I spoke recently with a friend about Shakespeare, and I realized how far my view of him had changed. In some ways, I still feel the same: I don’t care for the language. It seems somehow overstuffed, inorganic, and too deliberately full of ambiguities; maybe even too full of life, or overstimulated. I don’t know that I would be too interested in defending this point: but it’s the way I feel. Maybe call it taste and leave me to it. So much is constant.
But then I also didn’t get the characters. I couldn’t understand how they changed, what pressures were on them. It was all over my head. But now somehow they’ve exploded into life for me.
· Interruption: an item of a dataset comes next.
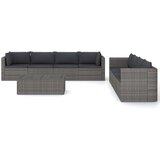 Poli 9-dijelna vrtna garnitura od poliratana s jastucima siva | shoptok.hr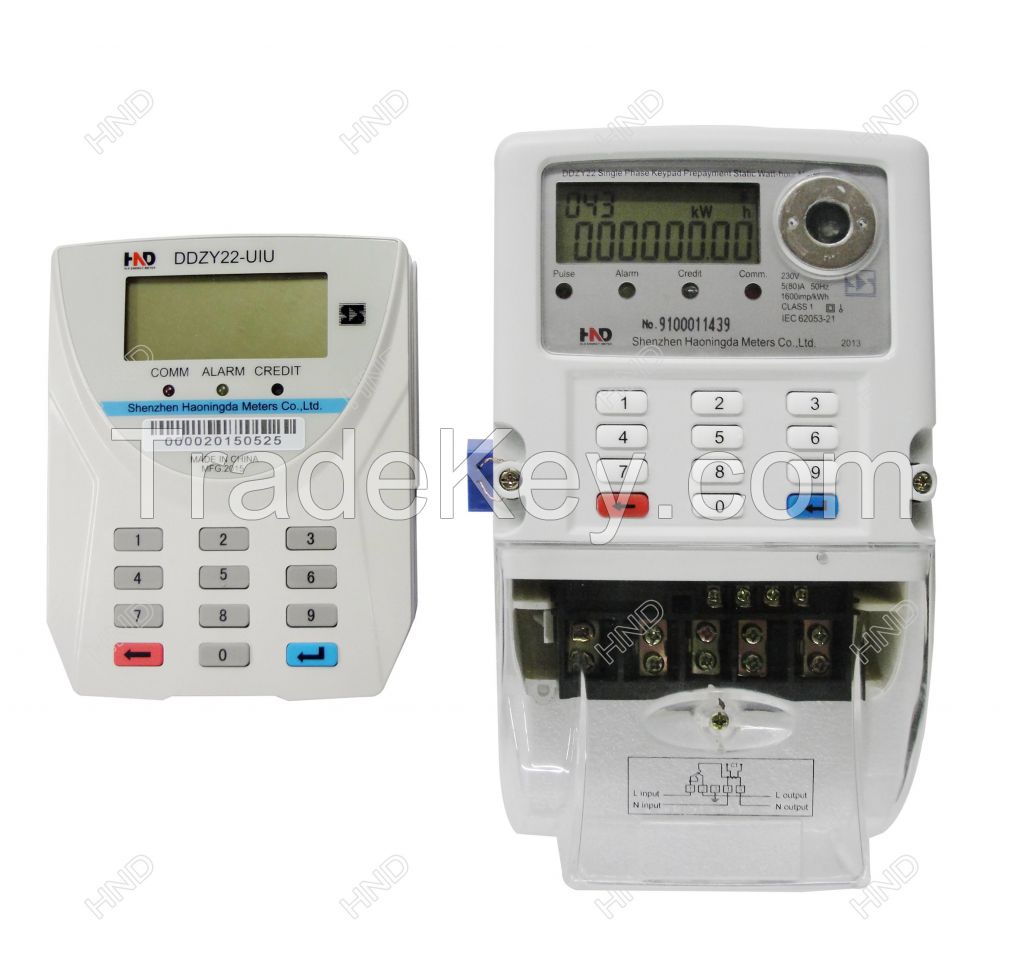 HND Single Phase Keypad Prepayment Meter(BS Split) Certified by STS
It’s a little like learning how to open a pop-up book right, so the shapes all stand out in their proper relation. I just didn’t see the depth that was there before, the several simultaneous motions of the unfolding.
I don’t know how to characterize what the difference is. I remember pretending to like him, and I remember feeling that I couldn’t quite get a purchase on him. I felt the plays to be flat without knowing quite what I was missing. It’s funny: I’ve become more dogmatic, in my views on human nature and political realities; or I’ve gotten more of a hold on these things, I’m more opinionated: so I can read him better in these areas. I can understand the pressures on his characters, how they change and how they interact.
Yeah, I know exactly how you feel :). I can vividly remember walking through Romeo and Juliet in high school and caring only that I did well enough to get a good grade but not well enough that I’d be mocked by my classmates. And then I remember reading Hamlet over and over again in college because I “got” it on a whole fundamentally different level.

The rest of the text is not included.